### WHAT THIS TASK INVOLVES
An exact copy of every record, without the pictures, is what should come back.

[Collection entries]
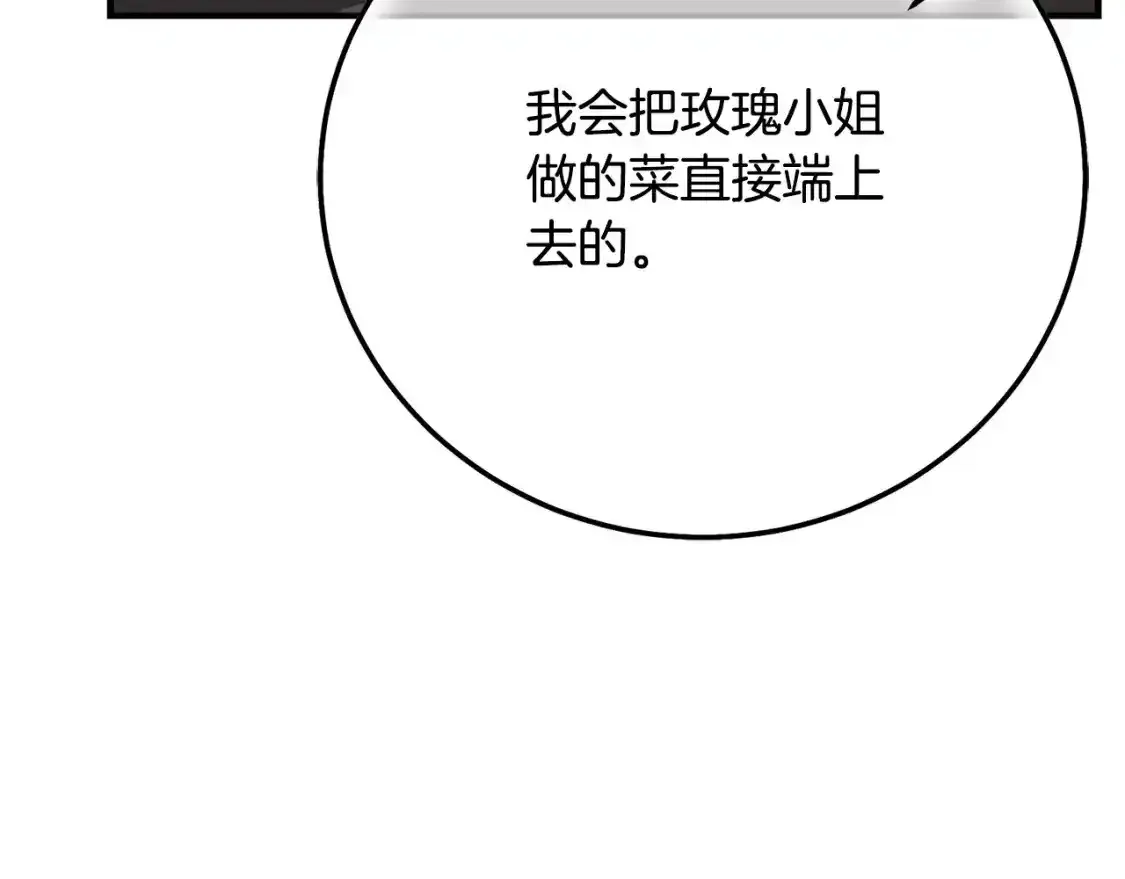 第9话 小玫瑰的厨艺130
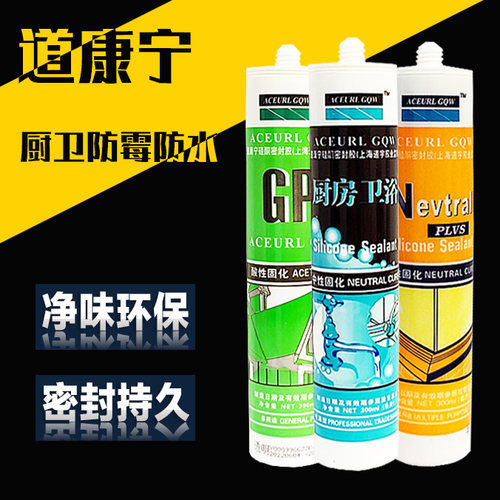 道康宁玻璃胶防水防霉白色硅胶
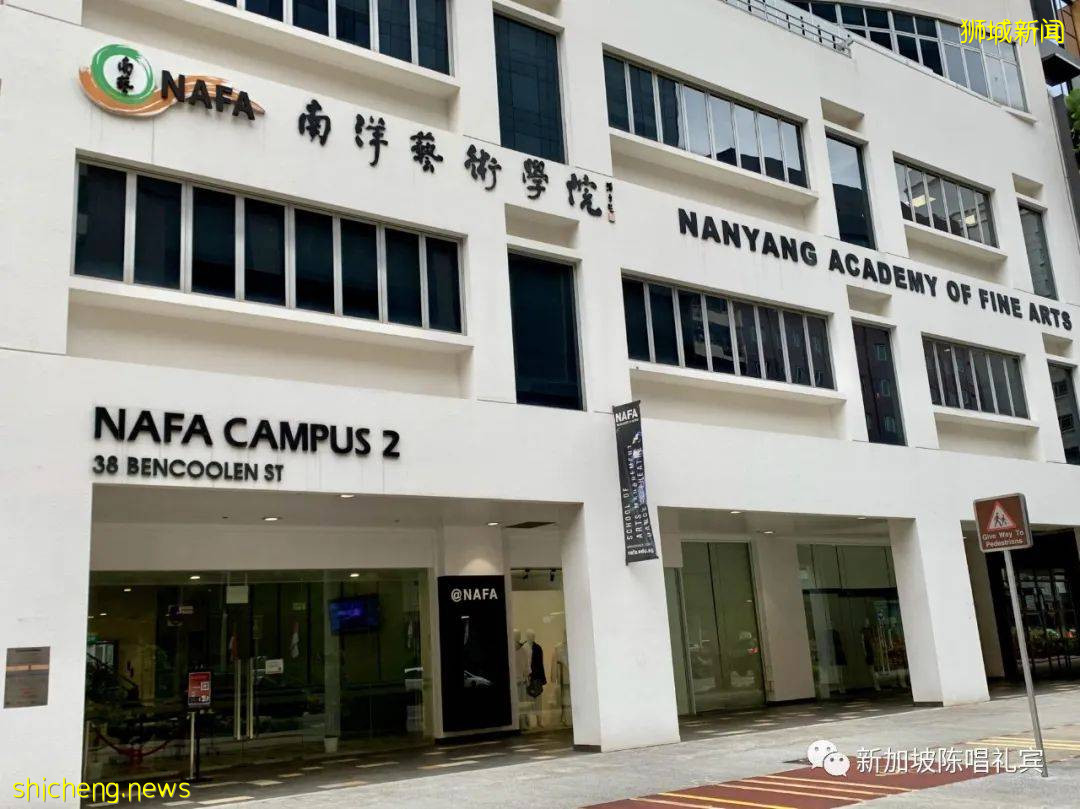 新加坡的“小坡七條馬路”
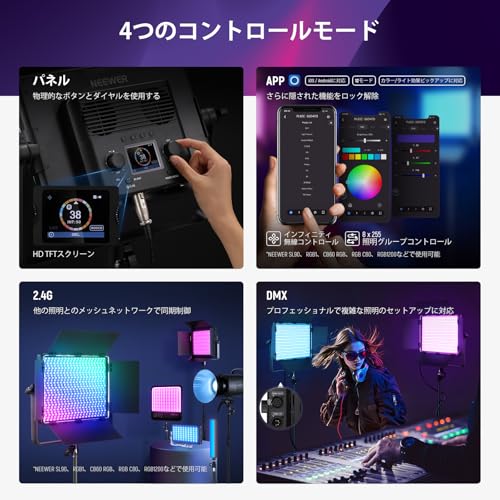 NEEWER PL60C RGB LEDビデオライト の商品画像 4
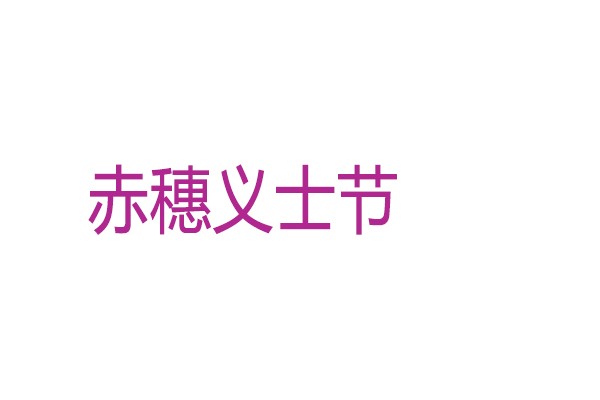赤穗義士節 赤穗義士節
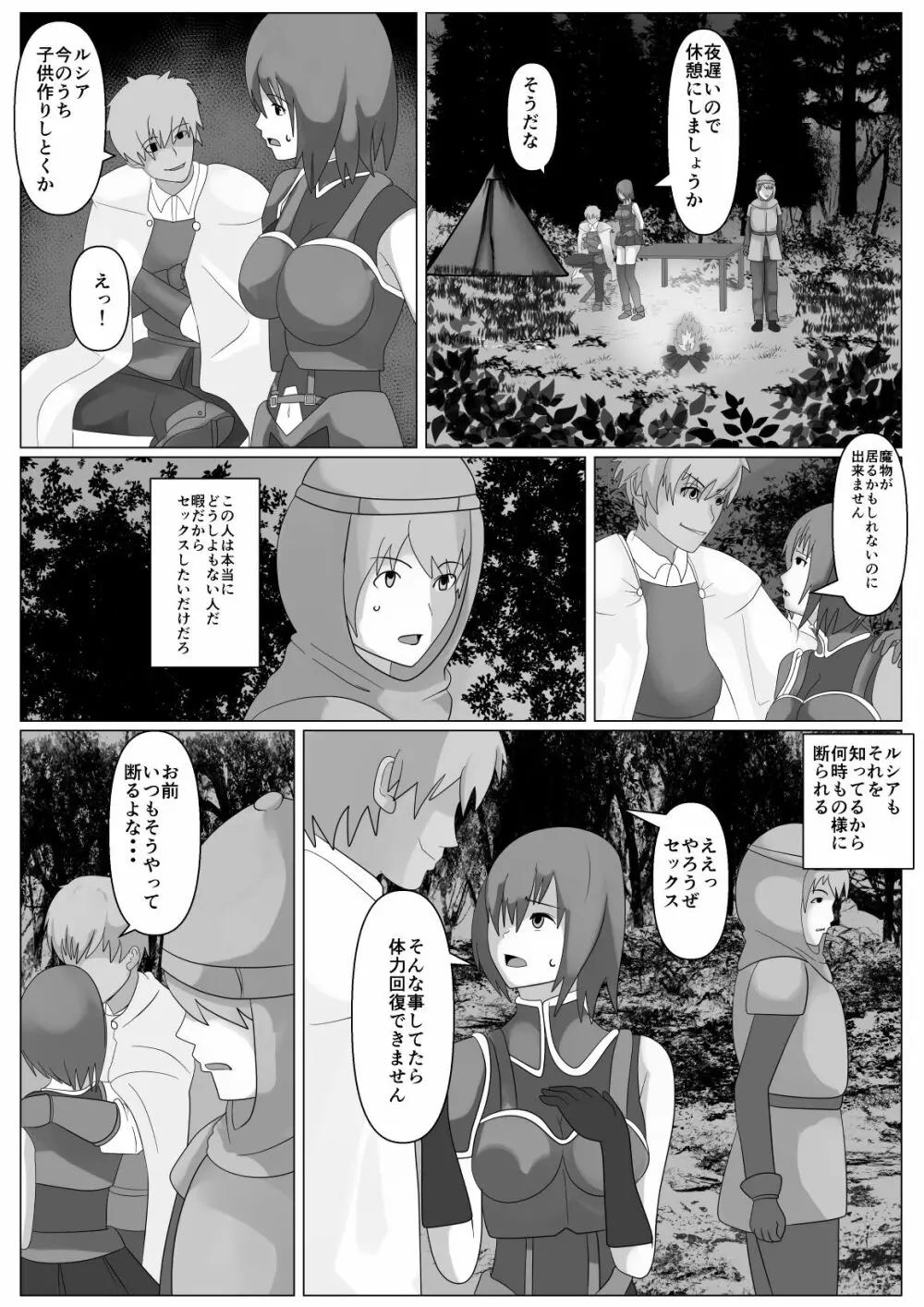 私は勇者のモノです - page23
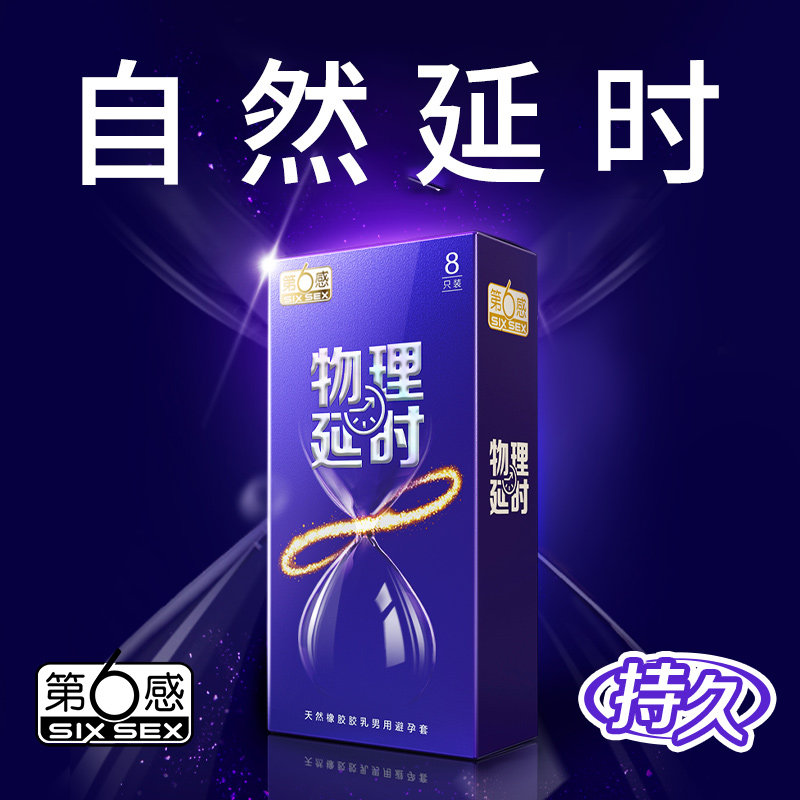 第六感避孕套持久装防早泄男用延时安全套正品延迟超薄裸入旗舰店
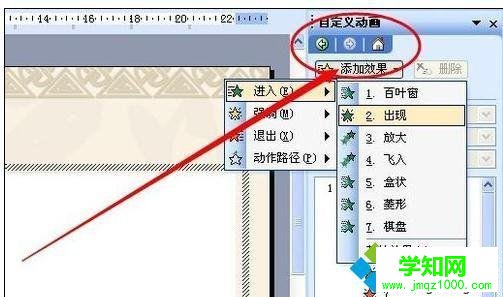 win10系統(tǒng)下ppt2010添加計(jì)時(shí)器插件的方法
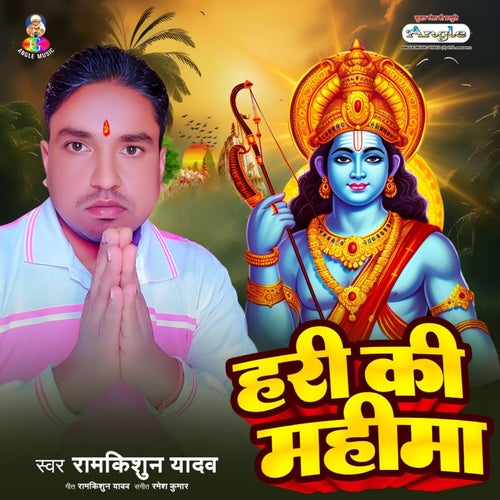 Hari Ki Mahima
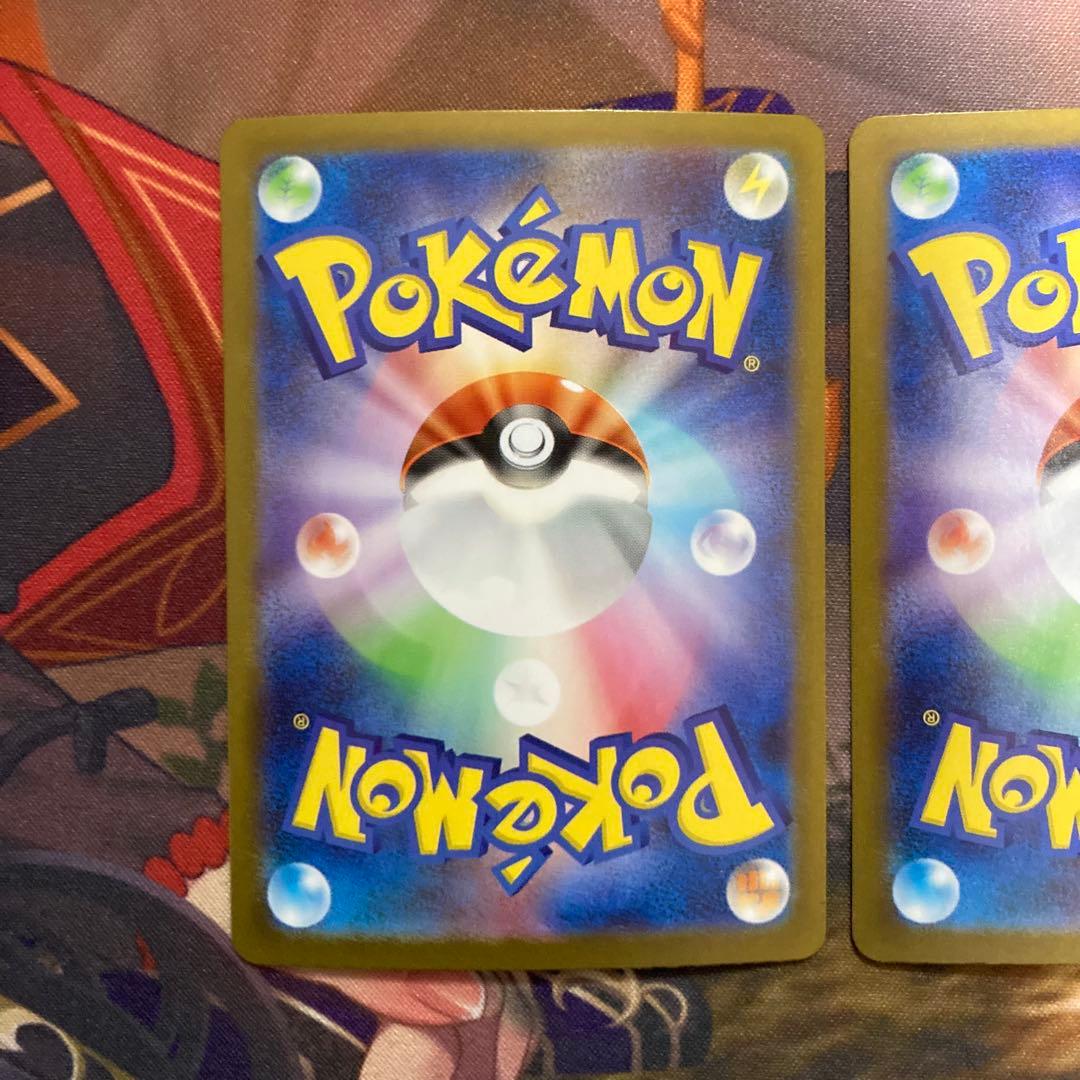 ポケモンカードゲーム　メガフシギバナex sar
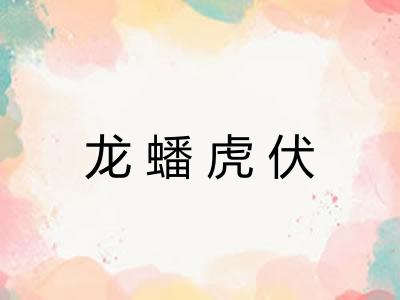 龙蟠虎伏 龙蟠虎伏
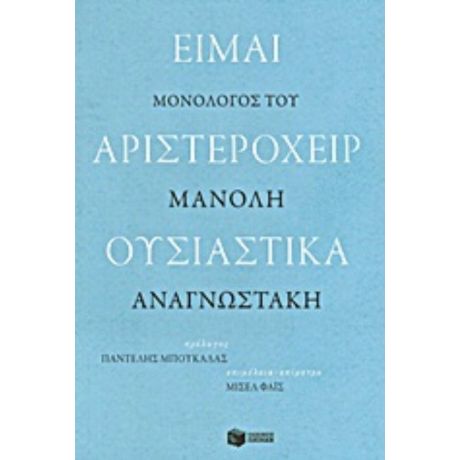 Είμαι Αριστερόχειρ Ουσιαστικά - Μανόλης Αναγνωστάκης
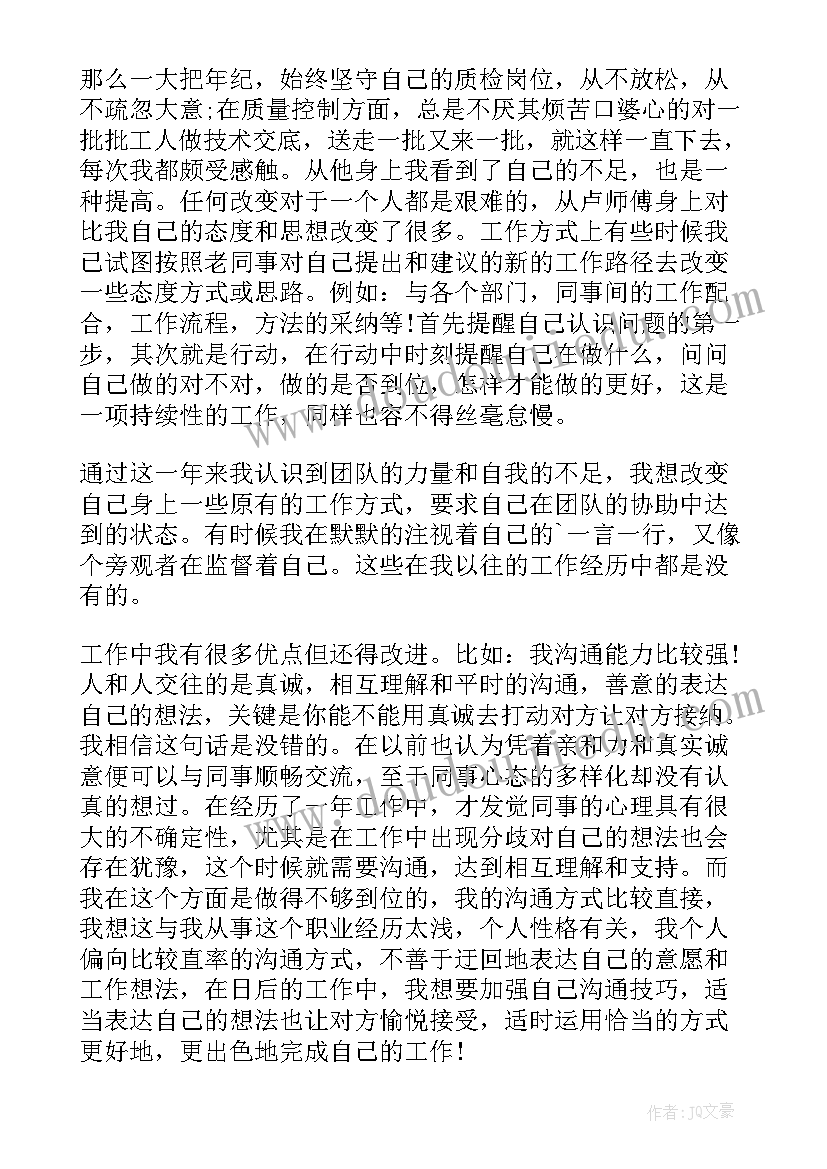 最新公司职工年终总结报告(汇总8篇)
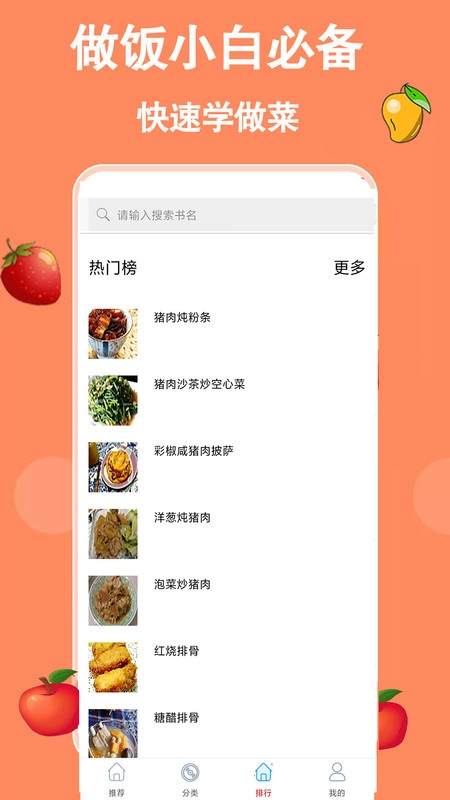 家常菜美食做法大全安卓免费版图3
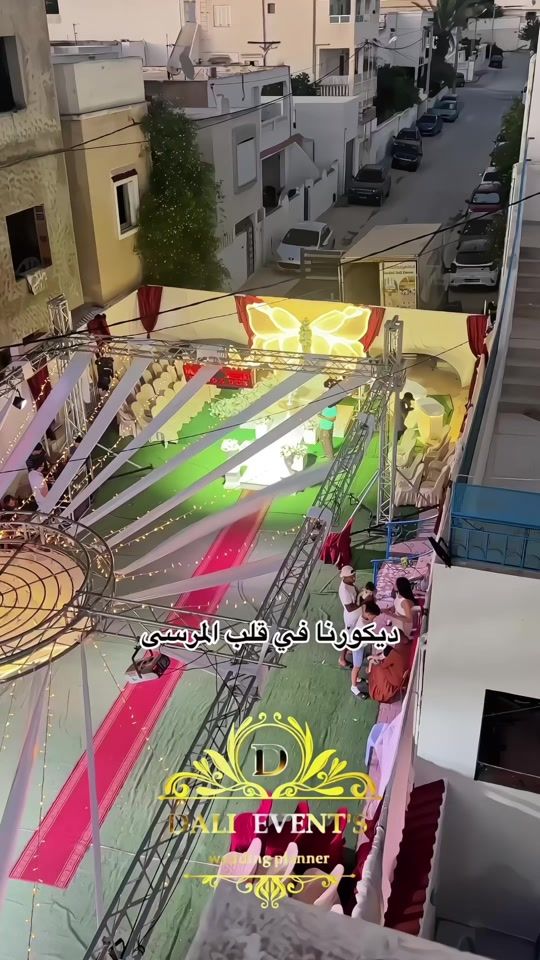 TikTok video thumbnail by dali.events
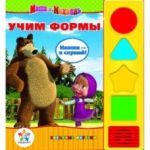 МАША И МЕДВЕДЬ "УЧИМ ФОРМЫ"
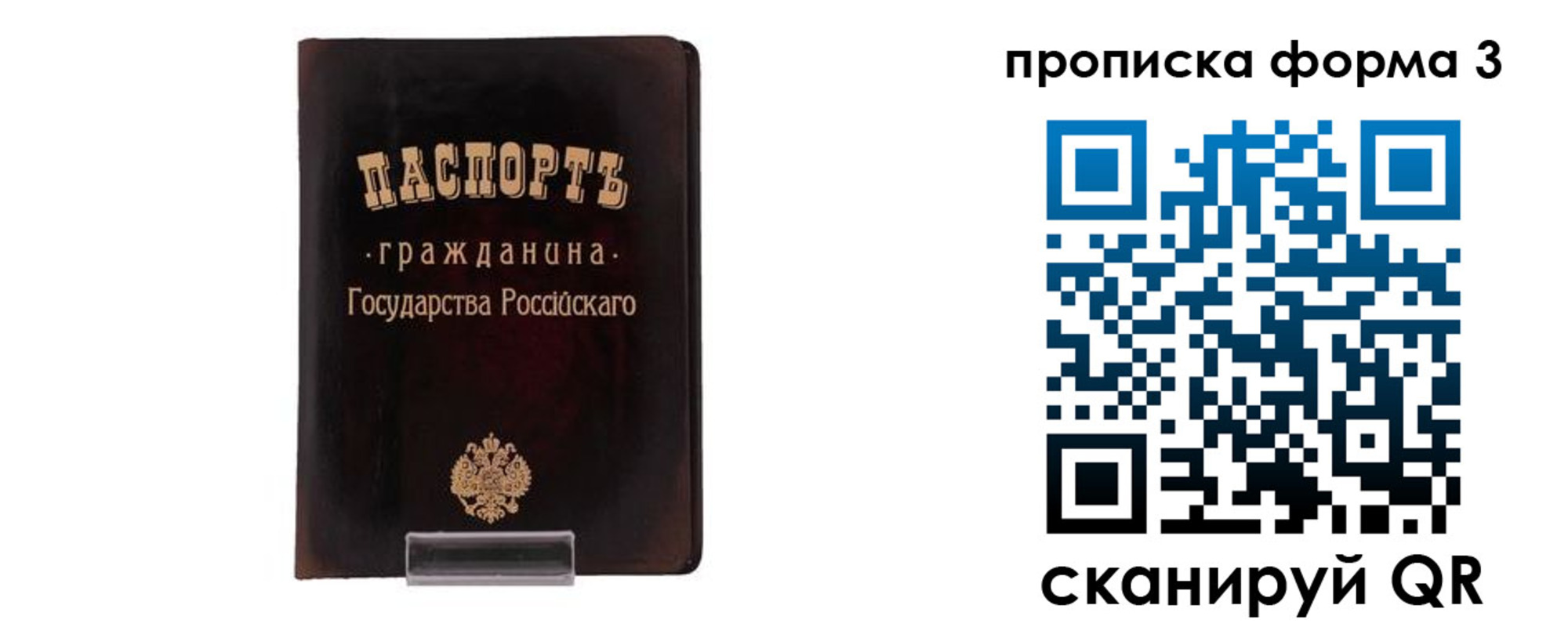 прописка паспорт в Кусе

### REPLY
 第9话 小玫瑰的厨艺130
 道康宁玻璃胶防水防霉白色硅胶
 新加坡的“小坡七條馬路”
 NEEWER PL60C RGB LEDビデオライト の商品画像 4
赤穗義士節 赤穗義士節
 私は勇者のモノです - page23
 第六感避孕套持久装防早泄男用延时安全套正品延迟超薄裸入旗舰店
 win10系統(tǒng)下ppt2010添加計(jì)時(shí)器插件的方法
 Hari Ki Mahima
 ポケモンカードゲーム　メガフシギバナex sar
 龙蟠虎伏 龙蟠虎伏
 Είμαι Αριστερόχειρ Ουσιαστικά - Μανόλης Αναγνωστάκης
 最新公司职工年终总结报告(汇总8篇)
 家常菜美食做法大全安卓免费版图3
 TikTok video thumbnail by dali.events
 МАША И МЕДВЕДЬ "УЧИМ ФОРМЫ"
 прописка паспорт в Кусе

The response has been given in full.